The forced resignation of Mozilla CEO Brandon Eich over his support for an anti-gay marriage referendum continued to provoke bitter debate over the weekend. After an initial burst of revulsion even from liberal pundits like Andrew Sullivan over the purge of a businessman from a company over his political beliefs by pro-gay thought police, many on the left have recovered their bearings and are reminding themselves that freedom of speech for me but not for thee has always been their guiding principle. Though some are a bit shame-faced to do so, some liberals have decided that punishing individuals for their personal politics is OK because those who hold opinions contrary to their own are not only wrong but so hateful that their mere presence undermines the efforts of those associated with them.
That this is rank hypocrisy is so obvious that it barely needs to be said. If, say, a liberal business executive were to be ousted from a similar position at a Fortune 500 company because a lot of the shareholders or executives at the business didn’t like the fact that he or she was a supporter of gay marriage or had donated to prominent liberal candidates for office, you can bet your stock portfolio and your mortgage payment that the mainstream media and every left-wing pundit in creation would be anointing such a person for sainthood rather than twisting themselves into pretzels in order to justify Eich’s defenestration, as so many have already done.
But in doing so, some on the left have, albeit unwittingly, stumbled into some truths about First Amendment rights that undermine their positions on an important case under consideration at the U.S. Supreme Court.

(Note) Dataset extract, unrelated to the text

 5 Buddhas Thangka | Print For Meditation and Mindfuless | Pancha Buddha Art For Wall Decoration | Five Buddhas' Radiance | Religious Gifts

Some, like the Guardian’s Mary Hamilton, rightly point out that the First Amendment doesn’t entitle Eich to a job at Mozilla. That is true, and I don’t believe any serious conservative critic of the Mozilla lynch mob has said any different. Mozilla and any other company have a perfect right to hire or fire anyone they like. Anti-discrimination laws don’t require liberals to hire conservatives or vice versa even though injecting political litmus tests into job searches are not conducive to hiring the best people. But when New York Times columnist Farhad Manjoo wrote that Eich had to be ousted from his position because Mozilla isn’t an ordinary company, that should have unsettled some on the left who have been mocking the idea that corporations have First Amendment rights. If Mozilla should be able to fire Eich because of his politics, how can liberals also argue with a straight face that Hobby Lobby should have to pay for abortion drugs?
The upshot of Manjoo’s piece was to say that rather than a soulless instrument of the technology business, Mozilla is a unique sort of company with a raison d’être that rises above mere commerce and must be nurtured by an individual who shares a vision of inclusiveness that excludes defenders of traditional marriage and other non-liberal concepts. By refusing to “recant,” as Farhad put it, he had demonstrated his inability to lead the company. As Michelangelo Signorile, the editor-at-large of the HuffPost’s Gay Voices wrote, “It’s about a company based in Northern California that has many progressive employees, as well as a lot of progressives and young people among the user base of its Firefox browser, realizing its CEO’s worldview is completely out of touch with the company’s — and America’s — values and vision for the future.”
That Mozilla’s employees and board members actually think it is consistent with American values or even “freedom of speech” (in the words of the company’s disingenuous announcement of Eich’s departure) to hound out of their midst someone who, though a supporter of gay rights in other respects, may disagree with them about marriage or support conservative candidates says something awful about such a group. But if that’s how they feel, then it’s their right to do so even as many on the outside of their cozy left-wing bubble enclave jeer at a version of “inclusiveness” that demands ideological conformity.
Ironically, Slate’s Mark Joseph Stern thinks conservatives are the hypocrites to complain about this because of the Hobby Lobby case. He thinks conservatives are only for protecting the First Amendment rights of companies when they allow people like the religious owners of the Hobby Lobby chain to oppose the Health and Human Services mandate that would force them to pay for abortion drugs for their employees but not for Mozilla to burn Eich at the stake. Wrong.
Conservatives have been consistent about the rights of corporations. It is the left that has always mocked the notion of First Amendment rights applying to corporations, principally in campaign finance law cases. Conservatives have correctly argued that individuals do not give up their right to political speech when they incorporate or engage in commerce. By claiming, as they now do, that the special culture of Mozilla requires it to root out all unbelievers in gay marriage or supporters of conservatives, but deny that Hobby Lobby has the right to protect its particular culture or the beliefs of its owners, liberals are the ones that are engaging in hypocrisy.
It would be nice if liberals were sufficiently self-aware of their inconsistency to cause them to “recant” and grant Hobby Lobby—which has an individual business culture just as special as the one at Mozilla—the same respect it demands for the Torquemadas who rule the roost in the high-tech sector. But I’m not expecting that to happen. The real problem here isn’t hypocrisy but a liberal mindset that views conservatives as not merely wrong, but evil. Eich’s fate shows that the decline of civility in our political culture may have become irreversible. But that makes it all the more important for the courts to defend the Constitution against the left’s crusade against the First Amendment with respect to political speech and faith.